Segment Open

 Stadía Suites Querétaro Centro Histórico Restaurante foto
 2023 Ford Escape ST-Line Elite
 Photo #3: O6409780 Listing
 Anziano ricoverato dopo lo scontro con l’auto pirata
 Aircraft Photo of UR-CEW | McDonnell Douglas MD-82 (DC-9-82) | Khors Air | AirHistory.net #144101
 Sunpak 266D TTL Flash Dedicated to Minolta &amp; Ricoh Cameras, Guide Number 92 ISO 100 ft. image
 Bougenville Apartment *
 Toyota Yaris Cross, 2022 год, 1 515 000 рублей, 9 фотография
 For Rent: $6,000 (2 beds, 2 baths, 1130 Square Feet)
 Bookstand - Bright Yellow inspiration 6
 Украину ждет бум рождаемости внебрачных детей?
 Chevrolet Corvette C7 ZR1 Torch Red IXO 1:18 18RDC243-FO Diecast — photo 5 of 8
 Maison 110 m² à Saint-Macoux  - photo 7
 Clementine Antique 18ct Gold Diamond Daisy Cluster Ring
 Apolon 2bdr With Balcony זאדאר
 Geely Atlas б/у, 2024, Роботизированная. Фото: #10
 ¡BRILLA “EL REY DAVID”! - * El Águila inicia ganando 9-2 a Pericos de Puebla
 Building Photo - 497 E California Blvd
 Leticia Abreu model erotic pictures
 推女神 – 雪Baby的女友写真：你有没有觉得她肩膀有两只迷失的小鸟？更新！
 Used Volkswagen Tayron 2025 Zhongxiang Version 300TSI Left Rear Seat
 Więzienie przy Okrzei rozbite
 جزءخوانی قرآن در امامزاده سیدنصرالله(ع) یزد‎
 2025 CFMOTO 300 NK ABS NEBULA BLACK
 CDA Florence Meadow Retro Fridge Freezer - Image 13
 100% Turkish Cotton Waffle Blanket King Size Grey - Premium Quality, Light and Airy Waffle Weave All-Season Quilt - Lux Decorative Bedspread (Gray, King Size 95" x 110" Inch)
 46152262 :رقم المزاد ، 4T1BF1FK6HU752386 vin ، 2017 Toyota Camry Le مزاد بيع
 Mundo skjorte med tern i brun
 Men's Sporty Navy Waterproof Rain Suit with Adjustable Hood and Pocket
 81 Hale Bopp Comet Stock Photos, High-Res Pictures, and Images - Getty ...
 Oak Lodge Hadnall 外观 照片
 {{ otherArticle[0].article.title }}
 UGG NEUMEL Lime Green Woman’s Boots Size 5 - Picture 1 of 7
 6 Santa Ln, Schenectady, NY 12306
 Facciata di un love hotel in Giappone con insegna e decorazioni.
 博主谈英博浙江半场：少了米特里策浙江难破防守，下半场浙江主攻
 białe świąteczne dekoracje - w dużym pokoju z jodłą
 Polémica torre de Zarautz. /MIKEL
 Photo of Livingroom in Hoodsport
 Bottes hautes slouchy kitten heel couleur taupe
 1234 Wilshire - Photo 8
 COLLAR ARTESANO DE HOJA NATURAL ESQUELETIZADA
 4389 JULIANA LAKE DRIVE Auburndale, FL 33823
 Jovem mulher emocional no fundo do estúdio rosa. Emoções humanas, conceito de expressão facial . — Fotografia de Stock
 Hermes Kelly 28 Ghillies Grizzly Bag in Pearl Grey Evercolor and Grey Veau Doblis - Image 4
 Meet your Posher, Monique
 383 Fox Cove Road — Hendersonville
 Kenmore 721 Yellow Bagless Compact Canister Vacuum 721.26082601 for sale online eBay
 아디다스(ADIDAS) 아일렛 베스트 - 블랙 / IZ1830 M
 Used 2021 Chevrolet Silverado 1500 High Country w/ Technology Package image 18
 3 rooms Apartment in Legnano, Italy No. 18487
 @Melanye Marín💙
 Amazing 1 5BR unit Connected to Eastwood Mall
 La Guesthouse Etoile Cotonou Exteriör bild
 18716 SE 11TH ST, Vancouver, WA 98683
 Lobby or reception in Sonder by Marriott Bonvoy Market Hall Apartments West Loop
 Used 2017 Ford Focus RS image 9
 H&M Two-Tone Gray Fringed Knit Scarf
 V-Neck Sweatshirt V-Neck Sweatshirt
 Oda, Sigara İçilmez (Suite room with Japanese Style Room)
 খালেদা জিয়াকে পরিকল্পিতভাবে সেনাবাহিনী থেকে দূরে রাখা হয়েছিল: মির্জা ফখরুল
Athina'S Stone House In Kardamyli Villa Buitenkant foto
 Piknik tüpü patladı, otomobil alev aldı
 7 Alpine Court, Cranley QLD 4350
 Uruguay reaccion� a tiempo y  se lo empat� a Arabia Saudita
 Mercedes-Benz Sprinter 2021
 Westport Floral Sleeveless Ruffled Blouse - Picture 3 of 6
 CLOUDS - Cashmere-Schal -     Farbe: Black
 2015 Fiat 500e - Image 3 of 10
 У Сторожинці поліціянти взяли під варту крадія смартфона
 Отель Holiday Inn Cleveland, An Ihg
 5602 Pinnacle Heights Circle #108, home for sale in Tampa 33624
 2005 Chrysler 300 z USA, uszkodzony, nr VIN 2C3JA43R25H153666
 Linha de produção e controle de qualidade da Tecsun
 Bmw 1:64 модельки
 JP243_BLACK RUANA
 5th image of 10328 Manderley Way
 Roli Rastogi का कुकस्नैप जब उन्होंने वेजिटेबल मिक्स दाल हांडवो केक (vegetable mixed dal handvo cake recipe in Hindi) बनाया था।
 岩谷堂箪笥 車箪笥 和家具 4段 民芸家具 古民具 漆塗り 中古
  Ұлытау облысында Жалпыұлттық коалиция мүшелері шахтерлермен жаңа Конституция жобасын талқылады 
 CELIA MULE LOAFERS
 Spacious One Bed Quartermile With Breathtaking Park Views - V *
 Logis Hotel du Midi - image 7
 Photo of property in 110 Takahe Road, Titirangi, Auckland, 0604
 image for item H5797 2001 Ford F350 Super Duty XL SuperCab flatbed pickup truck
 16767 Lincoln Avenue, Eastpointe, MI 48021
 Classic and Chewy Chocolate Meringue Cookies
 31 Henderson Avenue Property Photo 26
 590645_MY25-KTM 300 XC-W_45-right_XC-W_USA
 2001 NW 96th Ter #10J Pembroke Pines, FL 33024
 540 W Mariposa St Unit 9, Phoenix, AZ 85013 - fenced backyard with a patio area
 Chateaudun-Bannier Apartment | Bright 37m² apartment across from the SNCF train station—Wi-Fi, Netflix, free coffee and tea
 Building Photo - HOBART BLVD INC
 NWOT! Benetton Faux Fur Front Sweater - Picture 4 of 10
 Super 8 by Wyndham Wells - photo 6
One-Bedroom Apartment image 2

Segment Closed

▸ Task requirements: Going back to the entries above, set down exactly the lines that begin at the one with "Sunpak 266D TTL" and end at the one with "Polémica torre de Zarautz. /MIKEL", both included, and nothing else.

▸ Final answer:
 Sunpak 266D TTL Flash Dedicated to Minolta &amp; Ricoh Cameras, Guide Number 92 ISO 100 ft. image
 Bougenville Apartment *
 Toyota Yaris Cross, 2022 год, 1 515 000 рублей, 9 фотография
 For Rent: $6,000 (2 beds, 2 baths, 1130 Square Feet)
 Bookstand - Bright Yellow inspiration 6
 Украину ждет бум рождаемости внебрачных детей?
 Chevrolet Corvette C7 ZR1 Torch Red IXO 1:18 18RDC243-FO Diecast — photo 5 of 8
 Maison 110 m² à Saint-Macoux  - photo 7
 Clementine Antique 18ct Gold Diamond Daisy Cluster Ring
 Apolon 2bdr With Balcony זאדאר
 Geely Atlas б/у, 2024, Роботизированная. Фото: #10
 ¡BRILLA “EL REY DAVID”! - * El Águila inicia ganando 9-2 a Pericos de Puebla
 Building Photo - 497 E California Blvd
 Leticia Abreu model erotic pictures
 推女神 – 雪Baby的女友写真：你有没有觉得她肩膀有两只迷失的小鸟？更新！
 Used Volkswagen Tayron 2025 Zhongxiang Version 300TSI Left Rear Seat
 Więzienie przy Okrzei rozbite
 جزءخوانی قرآن در امامزاده سیدنصرالله(ع) یزد‎
 2025 CFMOTO 300 NK ABS NEBULA BLACK
 CDA Florence Meadow Retro Fridge Freezer - Image 13
 100% Turkish Cotton Waffle Blanket King Size Grey - Premium Quality, Light and Airy Waffle Weave All-Season Quilt - Lux Decorative Bedspread (Gray, King Size 95" x 110" Inch)
 46152262 :رقم المزاد ، 4T1BF1FK6HU752386 vin ، 2017 Toyota Camry Le مزاد بيع
 Mundo skjorte med tern i brun
 Men's Sporty Navy Waterproof Rain Suit with Adjustable Hood and Pocket
 81 Hale Bopp Comet Stock Photos, High-Res Pictures, and Images - Getty ...
 Oak Lodge Hadnall 外观 照片
 {{ otherArticle[0].article.title }}
 UGG NEUMEL Lime Green Woman’s Boots Size 5 - Picture 1 of 7
 6 Santa Ln, Schenectady, NY 12306
 Facciata di un love hotel in Giappone con insegna e decorazioni.
 博主谈英博浙江半场：少了米特里策浙江难破防守，下半场浙江主攻
 białe świąteczne dekoracje - w dużym pokoju z jodłą
 Polémica torre de Zarautz. /MIKEL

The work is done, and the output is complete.